**YOUR INSTRUCTIONS:** Line by line, copy the entries exactly, excluding the pictures.

Short descriptive text snippets:

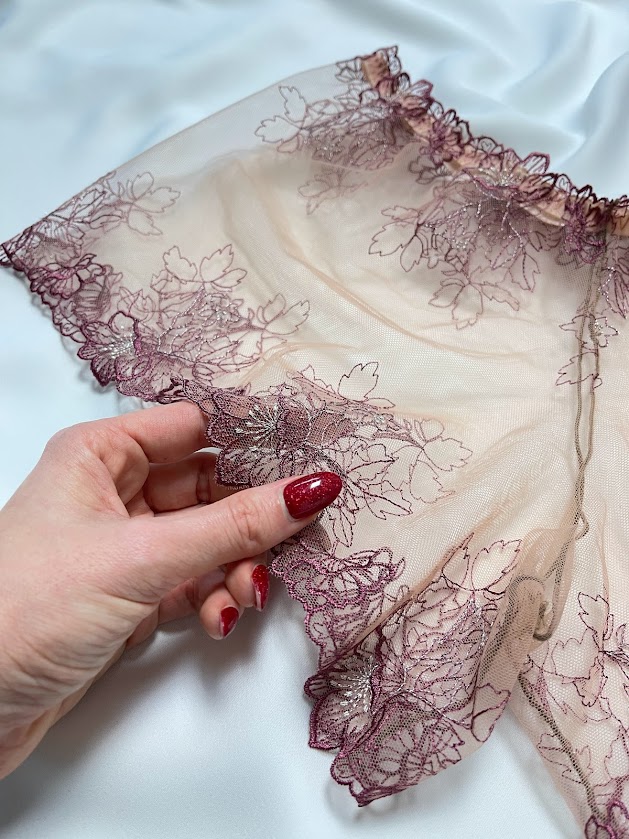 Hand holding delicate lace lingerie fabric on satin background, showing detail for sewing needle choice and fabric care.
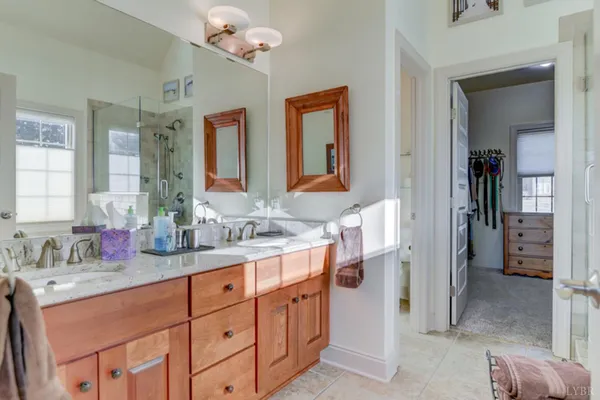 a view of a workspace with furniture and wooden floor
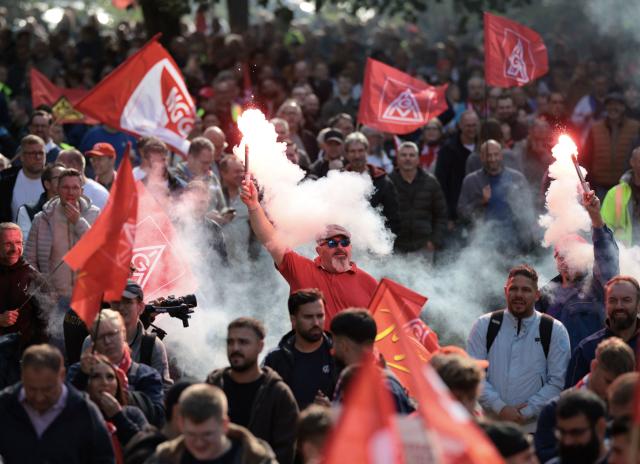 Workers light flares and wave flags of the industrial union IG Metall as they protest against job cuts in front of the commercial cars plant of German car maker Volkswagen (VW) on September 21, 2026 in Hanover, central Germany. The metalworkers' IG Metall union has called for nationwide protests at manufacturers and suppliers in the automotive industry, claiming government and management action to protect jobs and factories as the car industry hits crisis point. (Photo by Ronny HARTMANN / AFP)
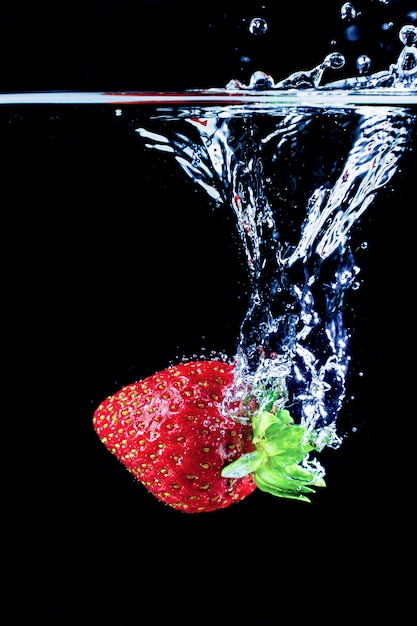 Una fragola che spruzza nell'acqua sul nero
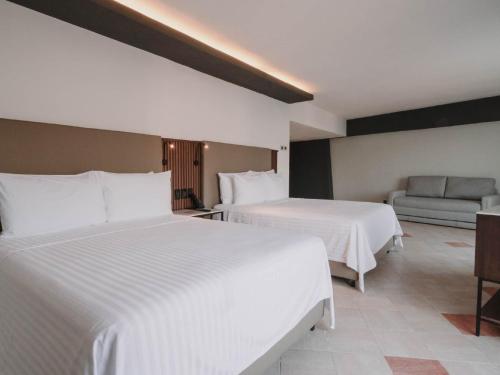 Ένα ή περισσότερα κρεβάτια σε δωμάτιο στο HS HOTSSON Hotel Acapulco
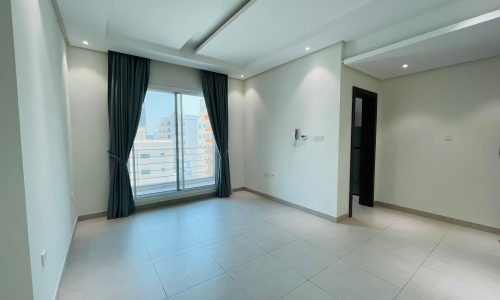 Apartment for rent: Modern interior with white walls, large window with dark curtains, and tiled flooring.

**TASK RESPONSE:**
 Hand holding delicate lace lingerie fabric on satin background, showing detail for sewing needle choice and fabric care.
 a view of a workspace with furniture and wooden floor
 Workers light flares and wave flags of the industrial union IG Metall as they protest against job cuts in front of the commercial cars plant of German car maker Volkswagen (VW) on September 21, 2026 in Hanover, central Germany. The metalworkers' IG Metall union has called for nationwide protests at manufacturers and suppliers in the automotive industry, claiming government and management action to protect jobs and factories as the car industry hits crisis point. (Photo by Ronny HARTMANN / AFP)
 Una fragola che spruzza nell'acqua sul nero
 Ένα ή περισσότερα κρεβάτια σε δωμάτιο στο HS HOTSSON Hotel Acapulco
 Apartment for rent: Modern interior with white walls, large window with dark curtains, and tiled flooring.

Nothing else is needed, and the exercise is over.